There was a time, she tells me, when she had six labourers to help out.
“But they wanted to take over my business by force. I could not let them do that,” she says.
The mutinous workers threatened her she would "die hungry” if she let them go.
“I accepted their challenge and told them I will not let that happen,” she recalls with a dry smile. “It is due to Allah’s will and His love for me that I am still earning my bread here.”
At home, there are plenty mouths to feed. Jameela Khatoon has four grandchildren and the widow of her adopted son to fend for.
“Ham sab saath may chalte hain (we do everything together),” she says.
When she was younger, Jameela Khatoon also worked as a newspaper hawker. She used to travel from her residence at Ranchore Line to New Chali to collect newspapers at 4:00am in the morning. She and a delivery boy would then deliver newspapers to customers until 7:30-8:00am.
After her newspaper round was over, Jameela would head home to rest for a few hours before she resumed work, changing oil for motorcycles.
Life was easier when she had the labourers working for her. Now, she opens shop at 10:30-11:00 am and goes about her work till midnight.
She travels on foot from her house, located a few streets away.
“Why should I give Rs50 to a rickshaw? Wouldn’t I rather have juice with that money to improve my health?” she asks.
Jameela Khatoon says people who come by to get their motorcycles serviced always treat her with respect.
“They all address me as khaala (aunt), amma (mother), aunty,” she says, but recalls that she faced catcalls and harassment when she was younger.
“It doesn’t happen anymore,” she added.
She tells me that shopkeepers nearby do not bother her.
“I don’t need their support — I give support to them,” she says, adding that if something were to happen to them, she would “stand by them like a wall.”
Life became tougher for Jameela Khatoon when she was defrauded of Rs1.7mn by a business partner she had engaged with to diversify and set up a soft drinks venture.
“There were several people whose money I had pooled to invest in the business,” she says.
“They abused me and insulted me [when they found out about the fraud]. I was shattered. If it would have been anyone else in my place, they would have died [of the burden].”
"But I am too stubborn. I refuse to die.”
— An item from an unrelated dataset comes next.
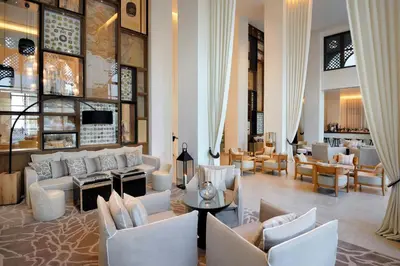 a lobby with couches and chairs and a bar at Hotel Boulevard, Autograph Collection, Downtown Dubai in Dubai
It is clear life has not been easy on her.
She remembers with much pain how her adopted son fell ill and passed away.
“I used to take him for dialysis. I still remember how he used to look at me. He never complained, but his eyes would ask: ‘Mother, why is this happening to me?’”
She offered her own kidney to save his life, but doctors said a transplant was not possible on account of her old age. She was forced to watch him waste away and die.
Yet, Jameela Khatoon remained resolute.
“My son went away; he did not take the life from me,” she says. “I have to continue to do the right things in life. I don’t believe in mourning my losses,” she says.
Jameela says she does all mechanical work, from changing oil to servicing motorcycle engines. A grandson helps out, but Jameela does the difficult work herself.
She pulls up her sleeve to show me her arm.
“Look at the burns on my hand. They're from hot motorcycle silencers,” she says. “I always fix the motorcycle in front of the customer, so that he can see what I am doing. Never behind his back. I have to earn every dime I make in a legitimate way."
Jameela tells me she has never taken a break, not even when the lockdown was in place.
“I used to run my business even when there were [violent] strikes in the ‘90s.Ye mere baap ka road hai,” she says with conviction, but also half-jokingly.
What does she want?
“I wish the government would give me a loan or provide me a shop where I can carry out my work in a better way,” she says. “A shop where I can sell spare parts and fix punctures.”
When I ask her if she has anything to say to the government or relevant authorities, she smiles.
“If the government is watching this [video] then I hope it shakes their conscience a bit,” she says.
She hastily bids farewell as another motorcycles parks near her stall. With wrench in hand, she approaches the customer, asking him what needed fixing.